July 20, 2015
Here we go again… Apple is set to report its fiscal third quarter 2015 earnings tomorrow afternoon. Our projections for the quarter are below:
iPhones. We expect 50.5 million iPhone unit sales, representing a 44% annual increase and a 17% decrease from last quarter (which included the Chinese New Year). The ASP will likely remain high at $640 per unit, down only slightly from last quarter. However, there is potential upside here as channel checks have indicated stronger than expected interest in the 6 Plus, which has higher gross margins and ASP.
iPads. Don’t need to spend much time on this one. We expect 10.0 million units at an average selling price of $420 per unit. There continues to be interest, especially on the enterprise side, but we see slowing sales until Apple refreshes this product line.
Mac. We have a relatively conservative estimate of 4.5 million Mac sales at a $1,200 ASP. This is consistent with last quarter and the year ago quarter; however, there may be upside in this category due to the new Macbook Apple introduced this spring.

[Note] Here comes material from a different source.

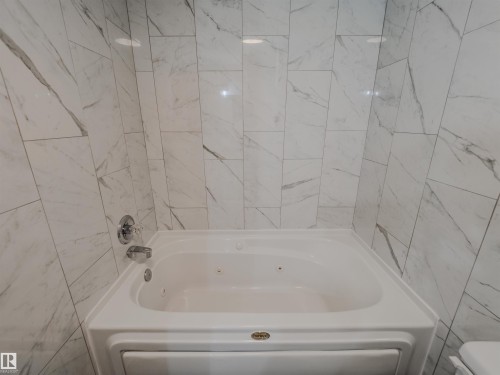 18 64 Blackburn, Edmonton, AB - Indoor Photo Showing Bathroom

Software/iTunes. There has been a trend to see a slight decline in software sales between the March and June quarters; therefore we expect $4.9 billion in sales down from $5.0 billion last quarter.
Peripherals/Other. This is where things get fun. Excluding the Watch, we anticipate $1.75 billion in sales in this category (up only slightly from last quarter). We will be watching the gap between this figure and the reported number, which will approximate the revenue generated by the Apple Watch. We’re currently expecting a conservative 3.5 million units at a $550 ASP. This would equate to $1.9 billion in revenues. We have not adjusted our unit projection in over six months, because there’s been a relative dearth of data points that would influence our analysis.
On the ASP side, we currently expect 66% Sport / 33% Apple Watch / 1% Edition. With the Sport, we’re modeling 60% buying the smaller watch at a $350 ASP and 40% buying the larger model at $400 ASP. With the Apple Watch, we are modeling a 50/50 split between model sizes with ASP of $550 and $700, respectively. Lastly, we’re showing 1% purchasing the Edition at an average ASP of $10,000. In our view, these are all conservative ASP projections. There is upside to each aspect of this analysis; until we have more information, we do not want to “count on” more aggressive fundamentals here.
REVENUES / EPS. We are looking for $50.5 billion in revenues and $1.94 EPS, driven by gross margins at 40.5%. This is our base case, which tends to err on the conservative end of the spectrum. We believe there is upside, especially in the Mac and Apple Watch categories. However, as we all know, the most likely category to shift the results significantly from our projections is the iPhone.
Guidance. Our current revenue projection for Apple’s fourth fiscal quarter is $53.8 billion. In order to generate a “beat” roughly equivalent to the previous several quarters, we anticipate management guiding to a range with $50.5 billion as the midpoint and gross margins at 39%.
Management Commentary. We will be getting our first official results on the Apple Watch, which may help to subdue the unfounded “flop” rumors that have been widely discussed. This is Tim’s chance to quiet the peanut gallery (assuming he has good news to share). Management may also discuss user numbers for the brand new Apple Music service and recently launched Apple Pay. While neither of these contribute much to the bottom line at this point, it may help to shift the sentiment and quiet the recent dissent. The more significant questions – from a revenue standpoint – will revolve around any recent shifts in demand from Chinese consumers for the iPhone. The crash in Chinese stocks has led many investors to the conclusion that Apple will take a significant hit. Continued strength and encouraging commentary will likely have a big impact on analyst expectations and may lead to meaningful hikes in 2016 projections… and a higher P/E multiple.
BONUS CHART. Based on our current (relatively conservative) estimates for the June, Sept and Dec quarters, we’ve updated the chart below. In case there was any confusion, it’s clear that EPS expectations drive share price. Investors are forward looking and tend to price shares based on the future six months. As you can see below, investors began pricing in the negative EPS growth roughly five months early – in September 2012. With our EPS expectations through the December report (in late-Jan 2016), shares should continue to appreciate.
UPDATE – BONUS CHART #2: The chart below illustrates AAPL’s PE range over the past seven years. Shares of Apple tend to trade within a 4-5x PE range for roughly 18 months before adjusting into a new range. It has recently been trading between a 15x-19x PE range, with most of the action between a 16x-18x range. Based on our expected $8.75 LTM EPS to be reported tomorrow, we’d expect it to trade between $131-$166 (15x-19x) this quarter, with a majority of the price action between $140-$157 (16x-18x). If the share price does not move, it will be trading at a 15.0x multiple come Wednesday morning. If, on the other hand, it keeps the same multiple as today (16.3x), it will be trading at $143.